▸ **Task directions**:
Find the line that holds "Colorful abstract paint" in the material below. Output that line and each one after it exactly, but not the pictures.

>>>

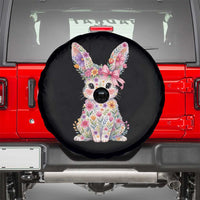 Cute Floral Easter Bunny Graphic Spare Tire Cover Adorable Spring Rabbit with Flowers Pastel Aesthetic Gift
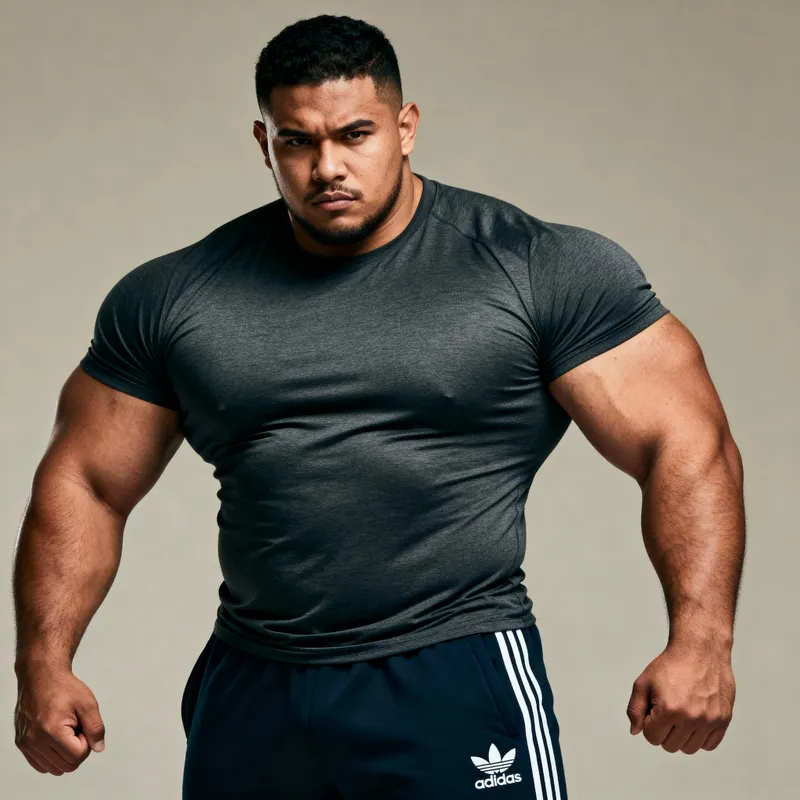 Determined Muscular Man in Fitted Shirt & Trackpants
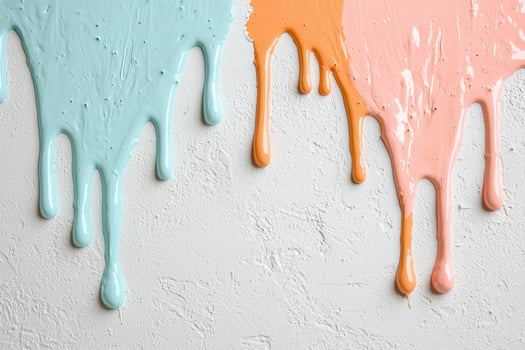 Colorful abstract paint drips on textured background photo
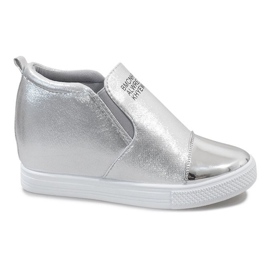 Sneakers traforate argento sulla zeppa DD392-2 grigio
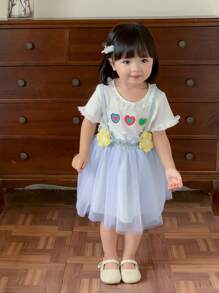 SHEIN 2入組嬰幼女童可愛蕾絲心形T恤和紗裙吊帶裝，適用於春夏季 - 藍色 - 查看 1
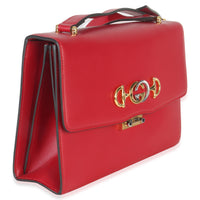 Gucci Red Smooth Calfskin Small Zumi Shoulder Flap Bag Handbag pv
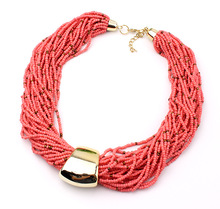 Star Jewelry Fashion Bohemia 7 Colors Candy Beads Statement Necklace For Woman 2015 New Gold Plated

<<<

▸ **Final answer**:
 Colorful abstract paint drips on textured background photo
 Sneakers traforate argento sulla zeppa DD392-2 grigio
 SHEIN 2入組嬰幼女童可愛蕾絲心形T恤和紗裙吊帶裝，適用於春夏季 - 藍色 - 查看 1
 Gucci Red Smooth Calfskin Small Zumi Shoulder Flap Bag Handbag pv
 Star Jewelry Fashion Bohemia 7 Colors Candy Beads Statement Necklace For Woman 2015 New Gold Plated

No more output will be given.